Postado em 26/10/2025 08:30

Lacan mostrou que desejamos sempre o reconhecimento do Outro. Compramos identidades: o tênis não é calçado, é status; o smartphone não é tecnologia, é pertencimento. A Black Friday teatraliza nossas ansiedades – contadores regressivos dramatizam nossa finitude, “últimas unidades” mobilizam nosso medo de exclusão.
Distinguir desejo de necessidade é crucial. A necessidade tem contornos objetivos (aquecedor no frio); o desejo é simbólico, infinito (reconhecimento social). Confundir ambos nos leva ao “imperativo consumista”: consumir como dever moral.
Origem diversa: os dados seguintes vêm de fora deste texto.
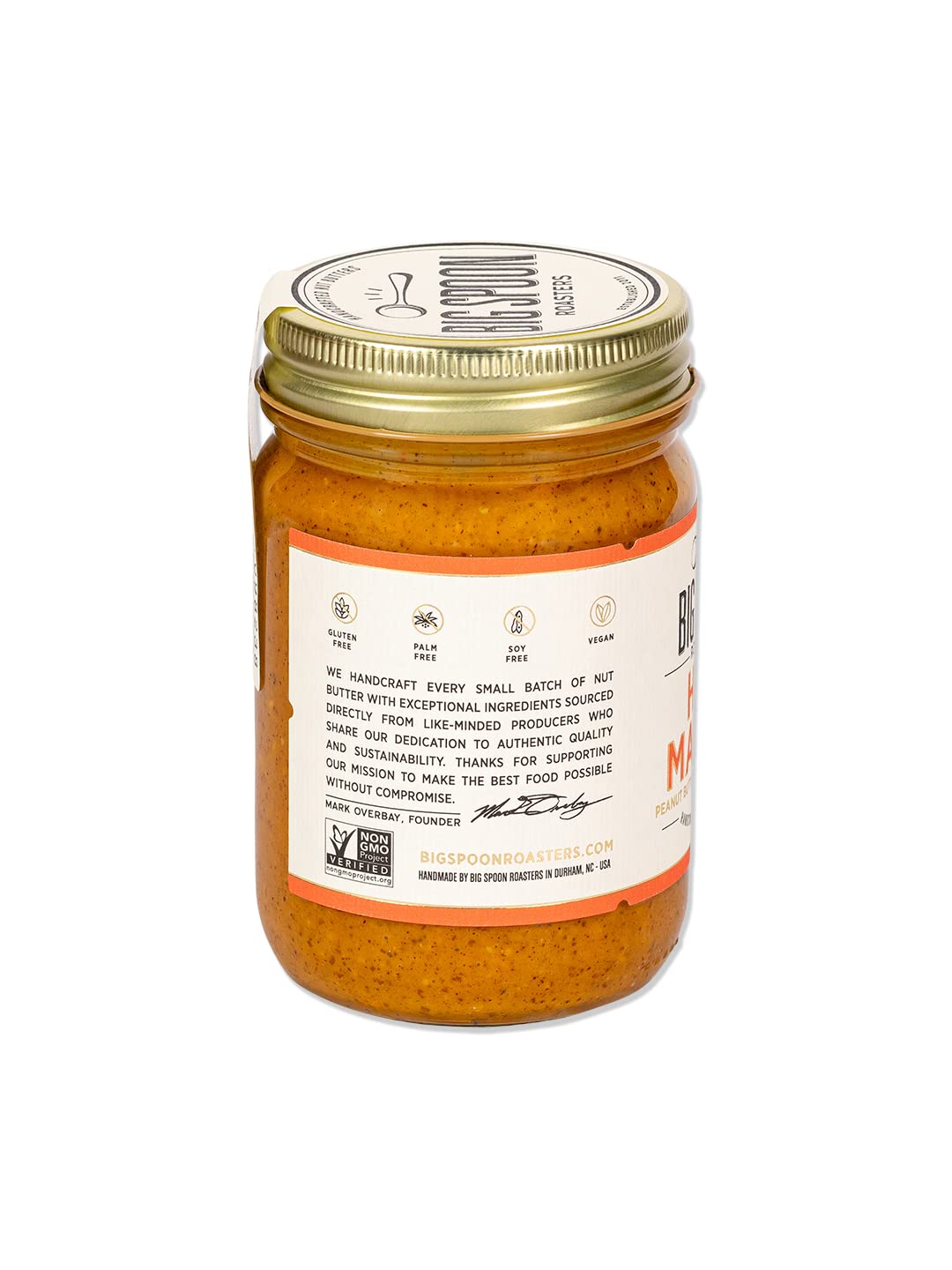 Big Spoon Roasters Sweet Heat Peanut Butter w/Habanero Chiles & Sea Salt - Low Sugar, Sweet & Spicy, Creamy Peanut Butter - Keto, Palm Free, & Vegan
Por que comprar alivia momentaneamente? Oferece ilusão de controle, transforma ansiedade em ação. Mas o alívio é temporário – o objeto real jamais coincide com o fantasiado. A compulsão por compras fala de outras questões: solidão, ansiedade, vazio existencial.
Resistir não significa ascetismo, mas consciência. Estratégias incluem temporalizar impulsos (esperar 24h), questionar (“o que realmente busco?”). e higiene digital (desativar notificações).
O maior desconto talvez seja distinguir entre o que precisamos e o que nos fazem crer que precisamos. Entre ter e ser. A felicidade duradoura vem não da satisfação de todos os desejos, mas da capacidade de simbolizar e, quando necessário, adiar.
Não se trata de demonizar o consumo, mas de desenvolver relação mais consciente com nossos desejos, mais crítica com promessas do mercado. O carrinho pode estar vazio sem que o coração precise estar. Às vezes, a maior abundância está em reconhecer quando já temos o suficiente.